As the past few years have demonstrated, giving consumers a choice is easier said than done. Nearly seven years after deregulation in Virginia, competitive suppliers selling electricity to residents are more scarce than bread at Ukrop’s before a snowstorm.
Virginia is not the only the state where competition has faltered after electric deregulation. But in a report to a U.S. House panel last month, GAO investigators said federal efforts to boost competition will depend on “actions at the state level to bring consumers into the market.”
In other words, the government wants states to get consumers turned on to electric competition – even if they have to pay higher prices.
In 1999, Virginia lawmakers began restructuring the power industry and deregulating electricity supplies. The promise for consumers was that rates would drop and supplies would become more reliable.
Under Virginia’s deregulation law, all of the state’s 3.2 million electricity customers, with the exception of a few thousand in far Southwest Virginia, have the right to choose an alternative electricity supplier.
But except for a Dominion Virginia Power competitor selling expensive, environmentally friendly power to a few hundred customers, competitive suppliers are not active in the state.

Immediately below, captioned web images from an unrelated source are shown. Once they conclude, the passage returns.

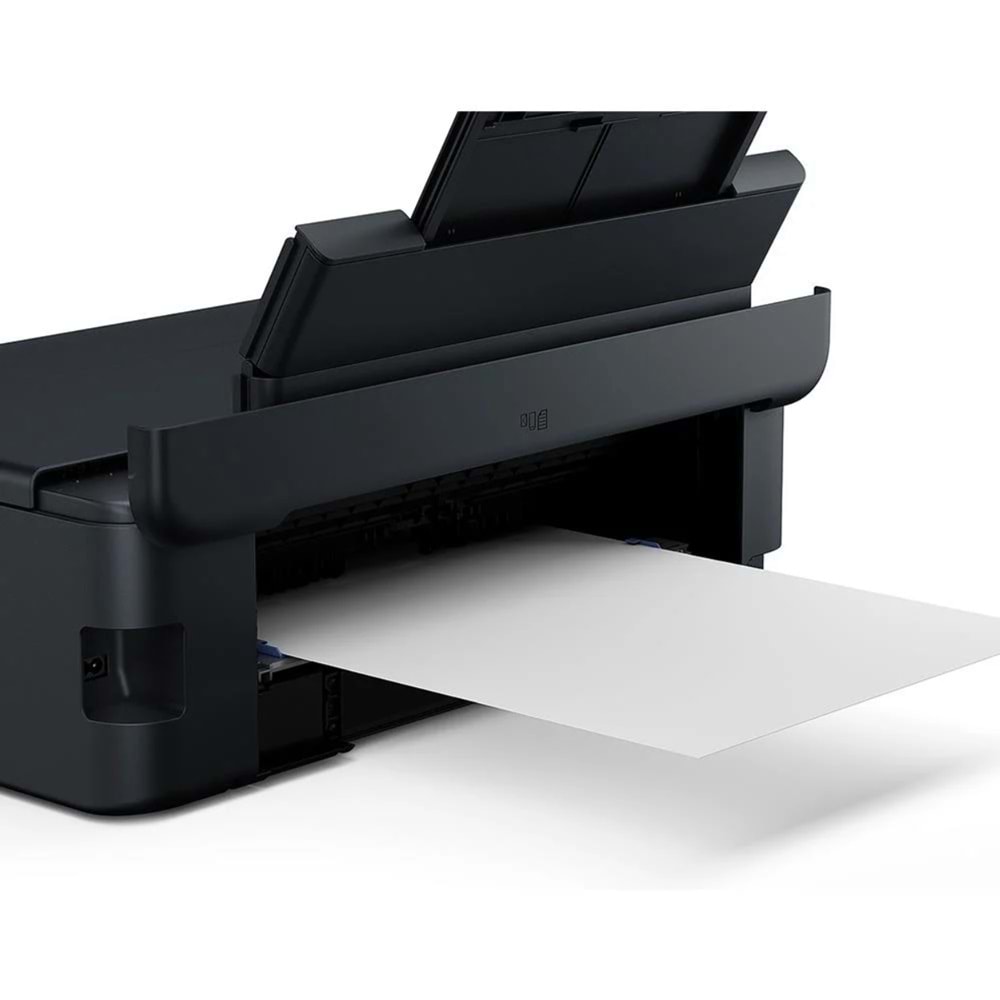 Epson EcoTank L8180 A3 Plus Fotoğraf Mürekkep Püskürtmeli Yazıcı Wi-Fi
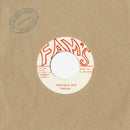 Trouble Dub (7")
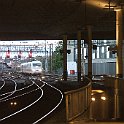 DSCF7647  Arrivée d'un ICE à Bern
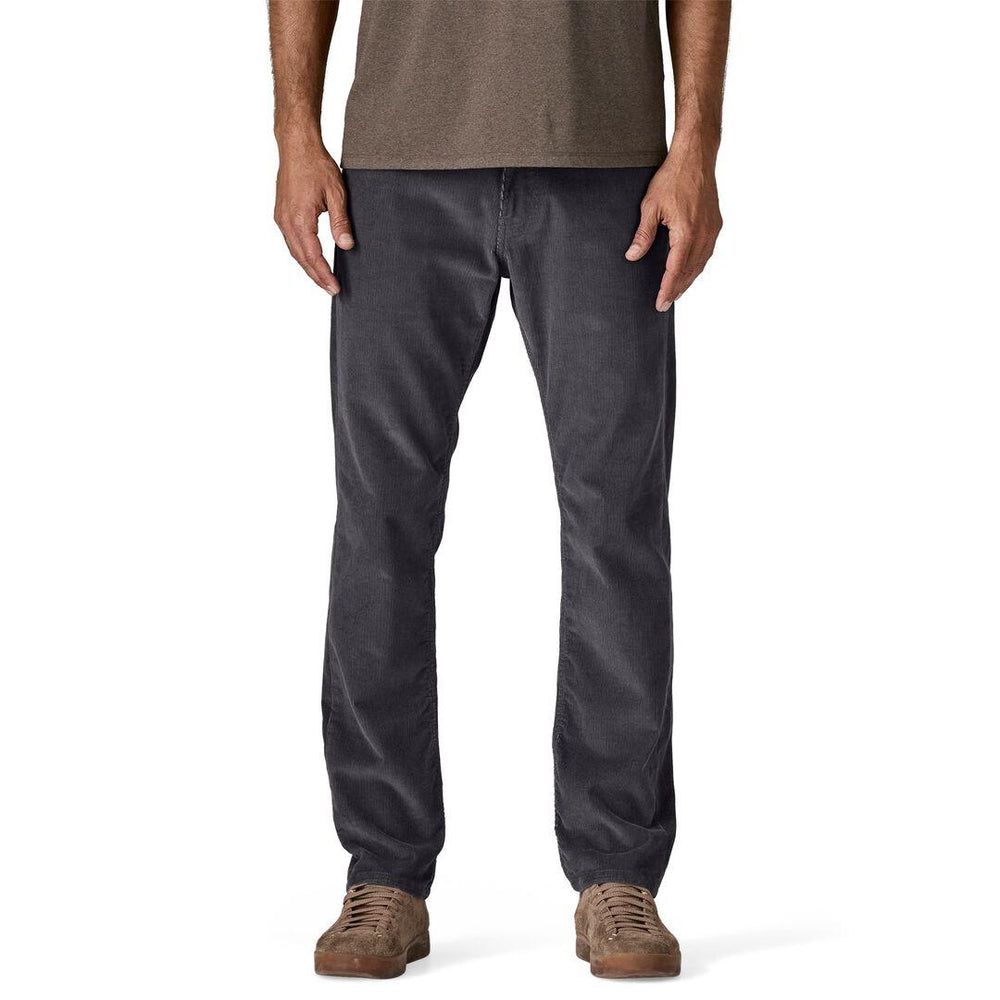 Organic Cotton Corduroy Jeans - Regular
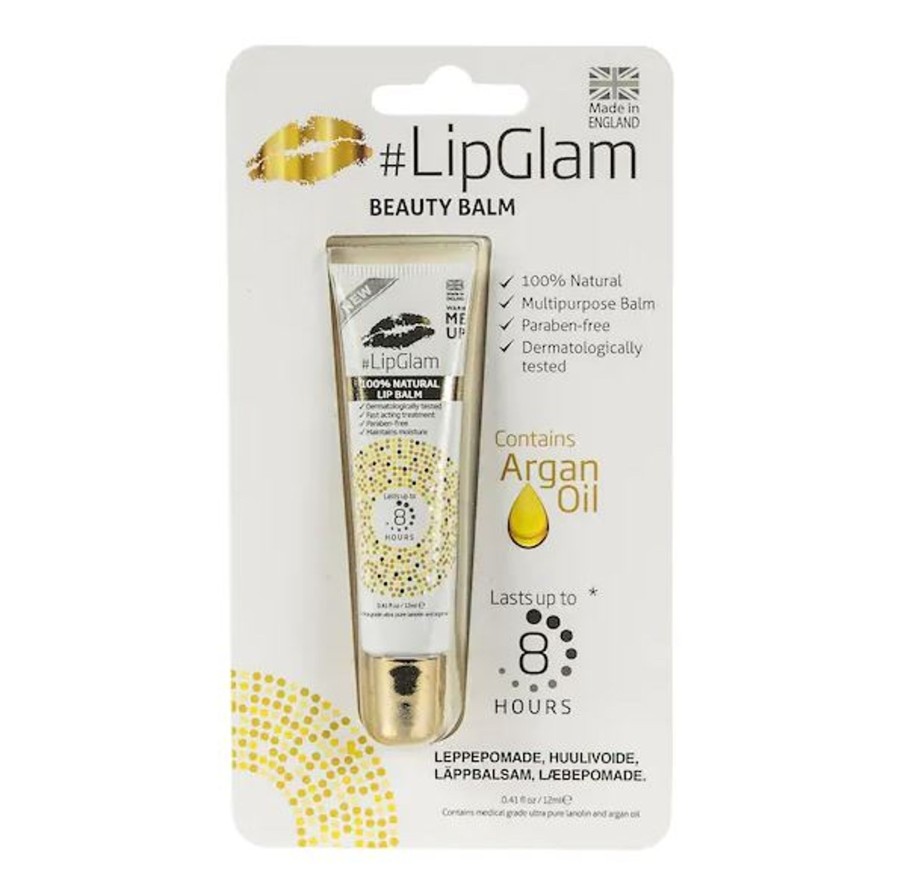 Tilbehor Lip Glam | Beauty Lip Glam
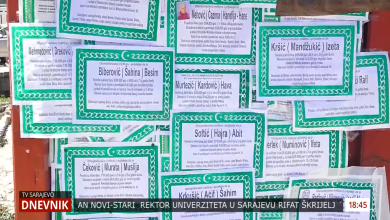 Photo of TVSA: Srbijanski zvaničnici tvrde da u Novom Pazaru ne nedostaje ljekara i opreme, a mediji i građani tvrde suprotno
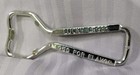 Rare 1960 s  Lucky Lager Beer Bottle Opener - Vintage - Excellent Condition 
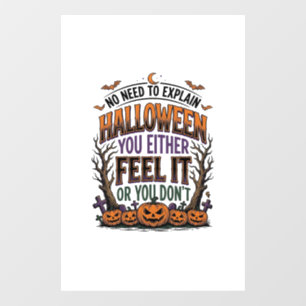 Halloween Quote Shirt Vintage Pumpkin Bat Tree Des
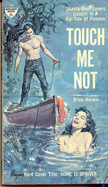 Touch Me Not Thumbnail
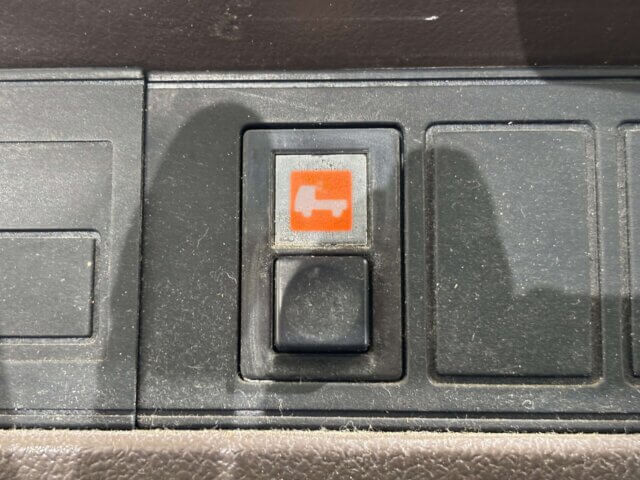 1994 HONDA ACTY TRUCK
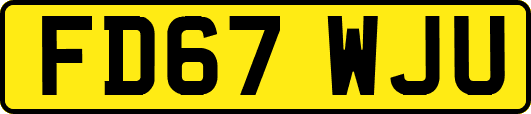 FD67WJU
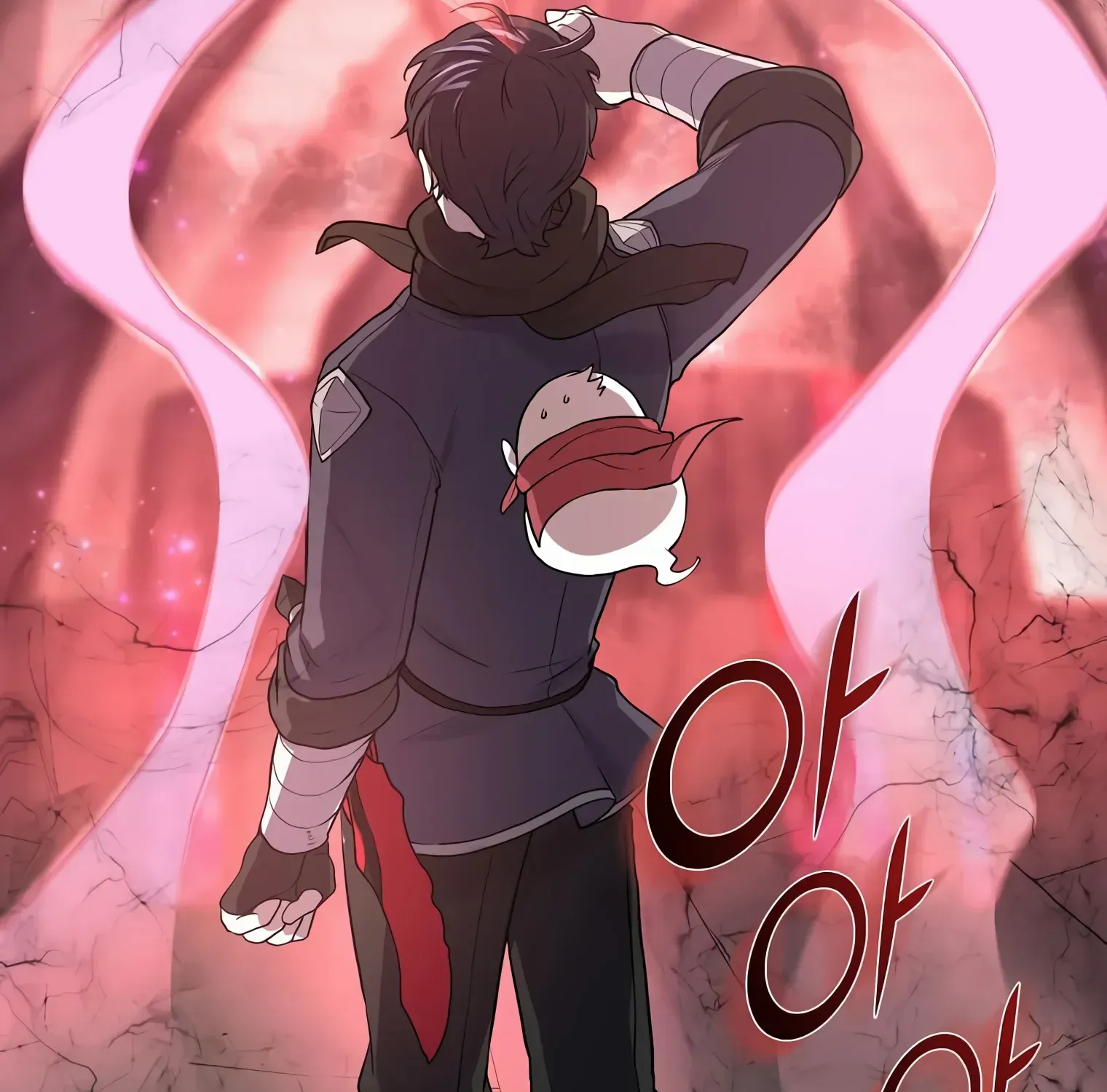 Level Up With Skills Chapter 25 page 82 - 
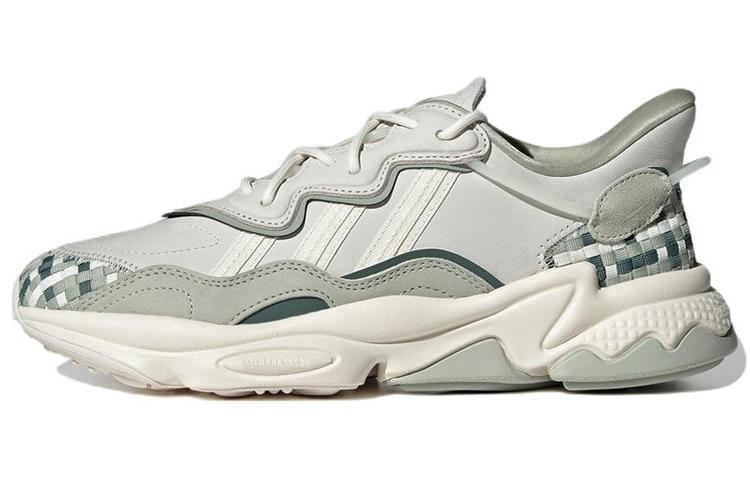 Adidas Originals Ozweego 'Grey Green'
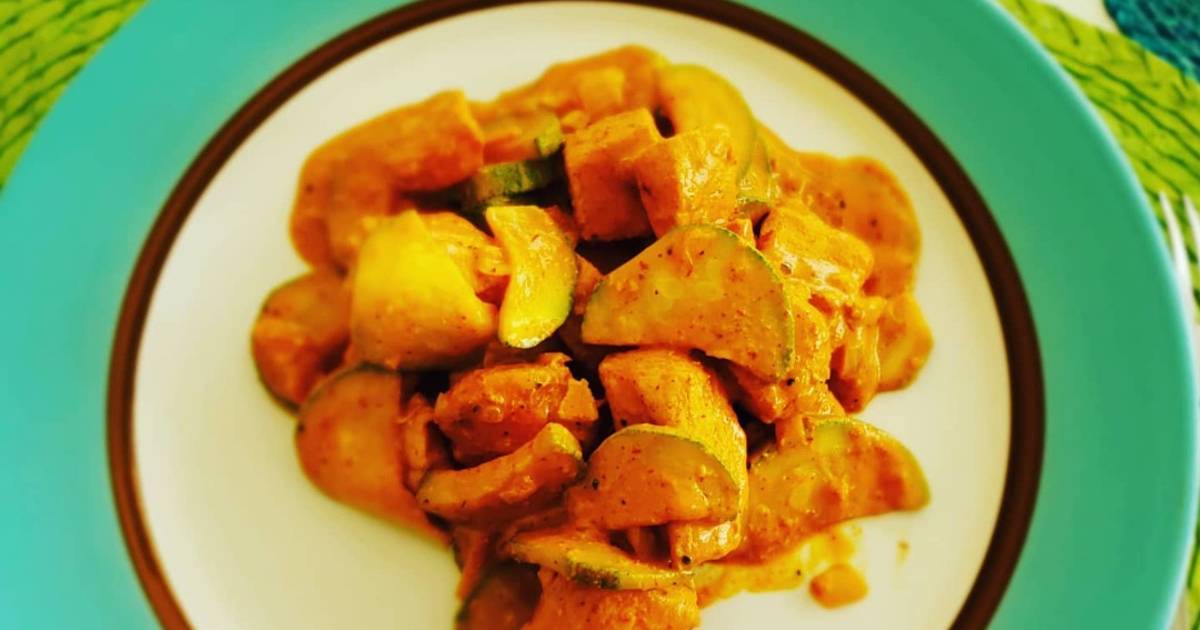 Pollo con paprika 859 recetas caseras Cookpad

If the situation continues until rate caps on Virginia electric utilities expire in 2011 – that is when wholesale market prices will determine rates – state lawmakers could face a day of reckoning.
Lawmakers in Virginia and in other states are relying on competition to deliver deregulation’s promises.
“Even in states that initially saw high levels of interest on the part of consumers and third-party electric-service providers, the market for alternatives to the [local] utility has all but dried up,” researchers from the Carnegie Mellon Electricity Industry Center at the University of Pittsburgh advised federal regulators recently.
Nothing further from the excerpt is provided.